▶ TASK PROMPT:
Every entry is to be reproduced word for word, but the images are not.

▶ DATA EXCERPTS:
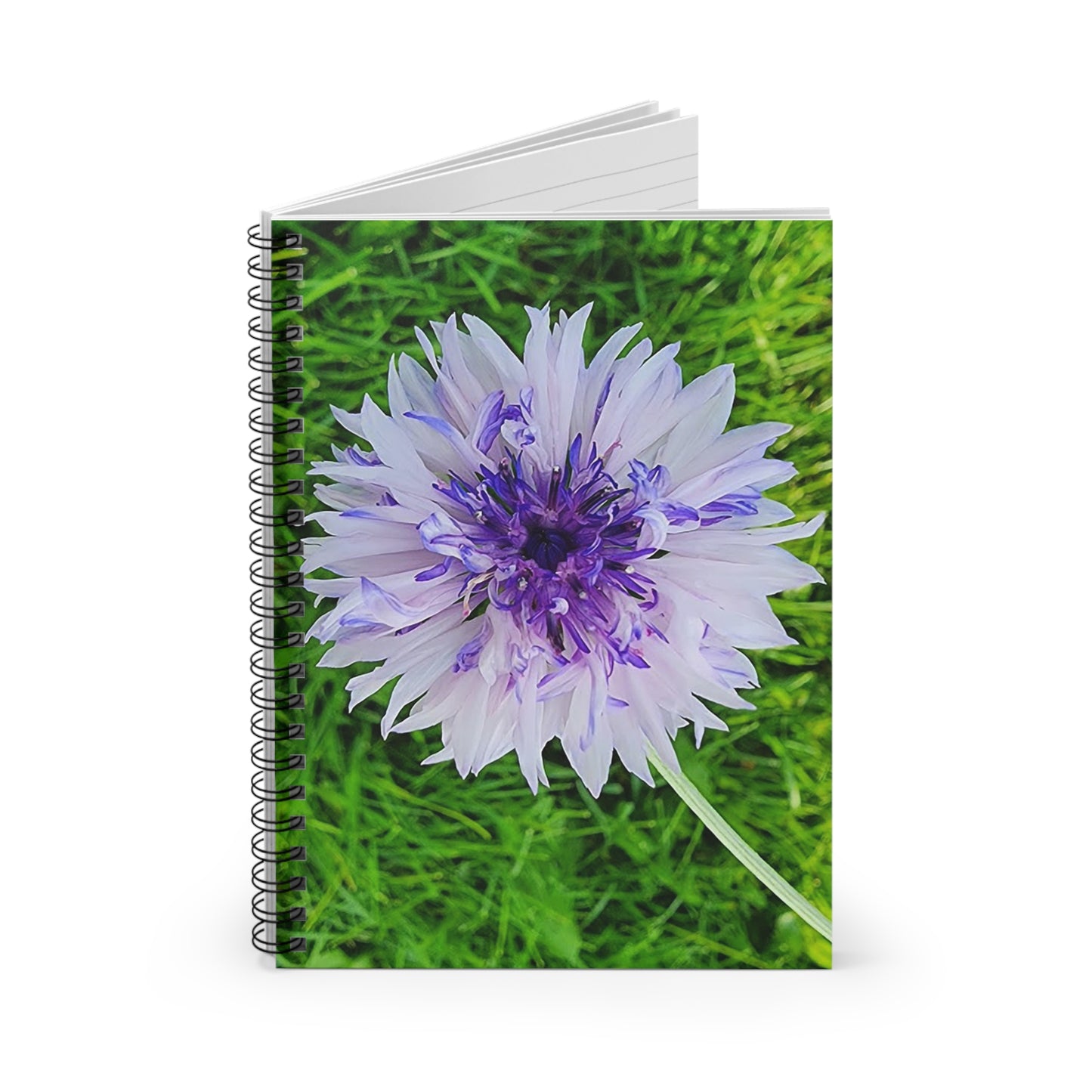 "Coneflower" Spiral Notebook - Ruled Line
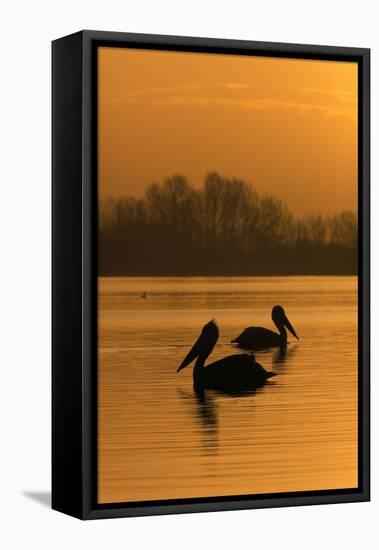 Two Dalmatian Pelicans (Pelecanus Crispus) on Lake Kerkini at Sunrise, Macedonia, Greece-Peltomäki-Framed Stretched Canvas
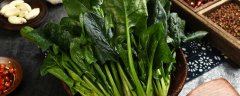 野菠菜和普通菠菜的区别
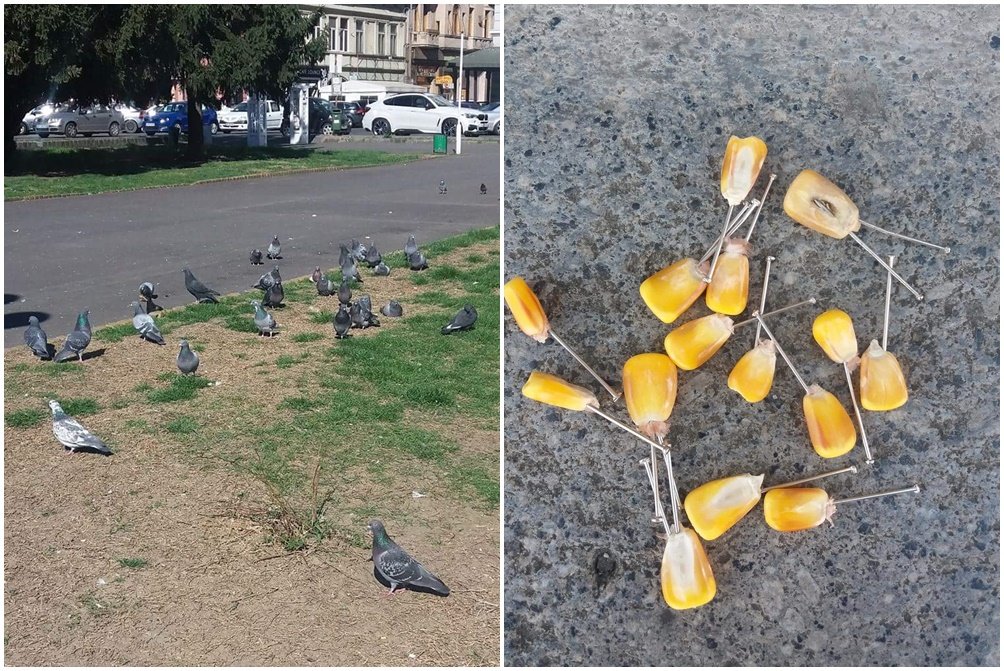 Porumbeii din Piața Avram Iancu, în pericol. Minți bolnave au pus ace în boabele de porumb ca să-i ucidă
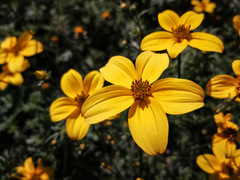 Bidens andicola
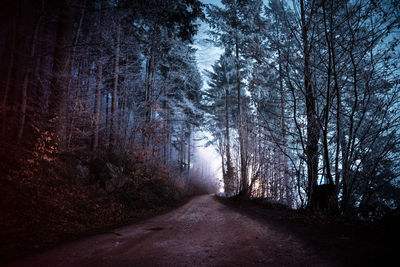 Dirt road amidst trees in forest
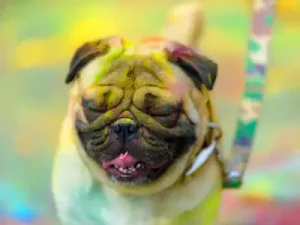 A smiling dog sitting amidst colorful Holi decorations.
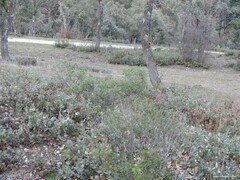 Quercus rotundifolia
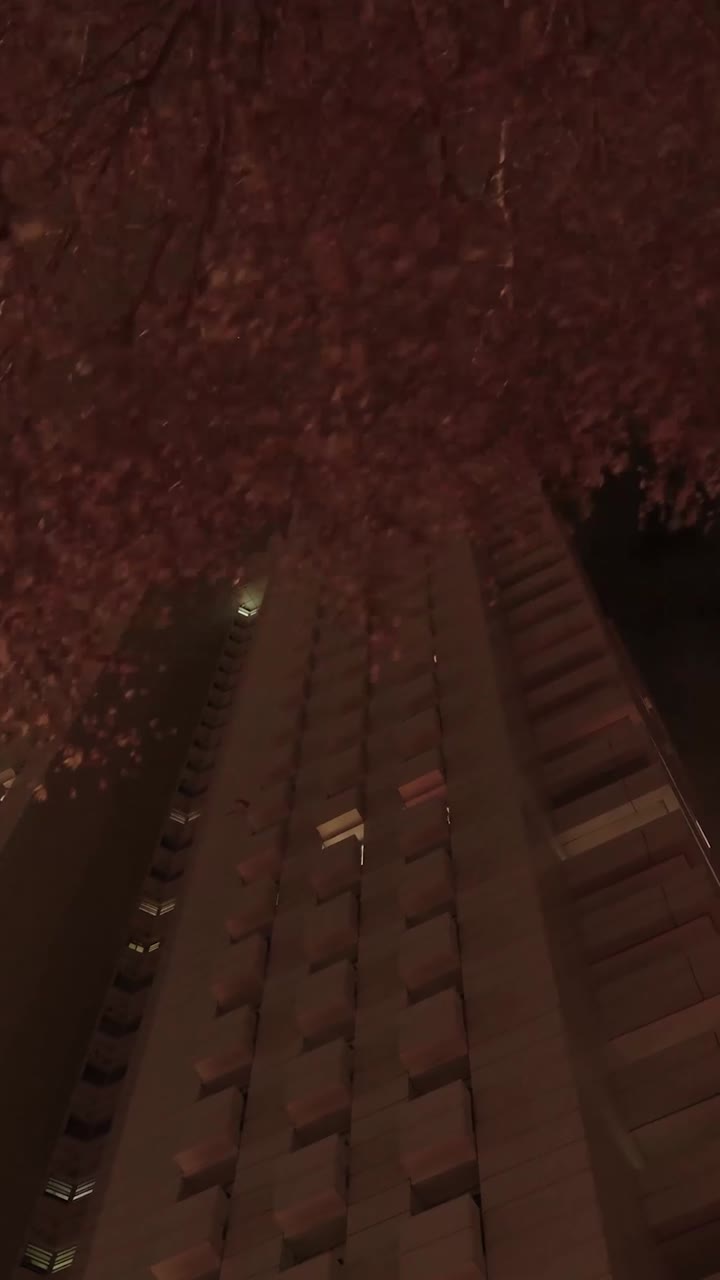 construcción de la ciudad por la noche con árboles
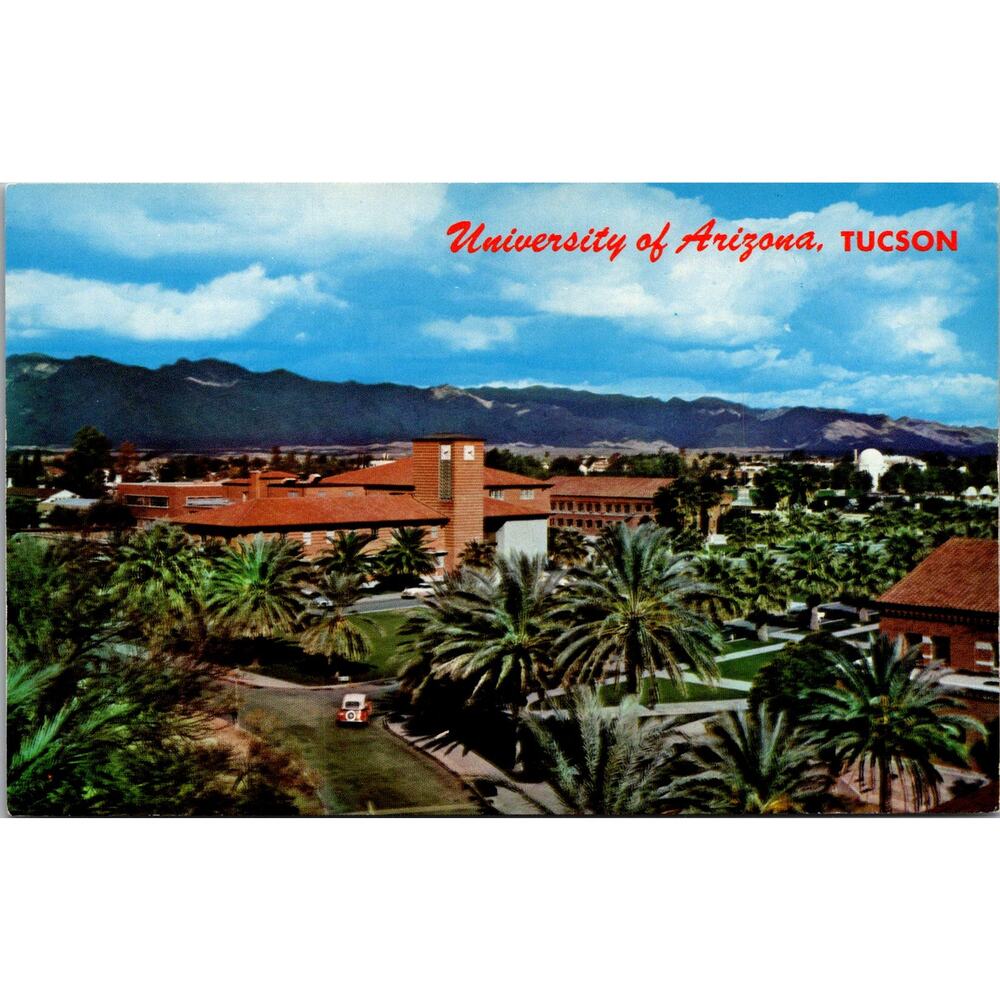 View Across University of Arizona Campus Tucson AZ Vintage Postcard SPW21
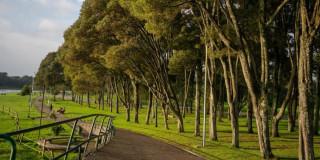Foto del parque Simón Bolívar de Bogotá y sus senderos peatonales rodeados de árboles.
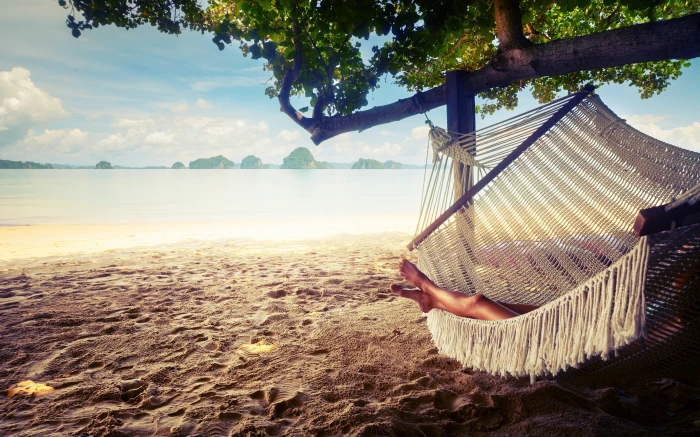 trees hammocks beach landscape sky plant nature water 2k 4k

▶ EXERCISE SOLUTION:
 "Coneflower" Spiral Notebook - Ruled Line
 Two Dalmatian Pelicans (Pelecanus Crispus) on Lake Kerkini at Sunrise, Macedonia, Greece-Peltomäki-Framed Stretched Canvas
 野菠菜和普通菠菜的区别
 Porumbeii din Piața Avram Iancu, în pericol. Minți bolnave au pus ace în boabele de porumb ca să-i ucidă
 Bidens andicola
 Dirt road amidst trees in forest
 A smiling dog sitting amidst colorful Holi decorations.
 Quercus rotundifolia
 construcción de la ciudad por la noche con árboles
 View Across University of Arizona Campus Tucson AZ Vintage Postcard SPW21
Foto del parque Simón Bolívar de Bogotá y sus senderos peatonales rodeados de árboles.
 trees hammocks beach landscape sky plant nature water 2k 4k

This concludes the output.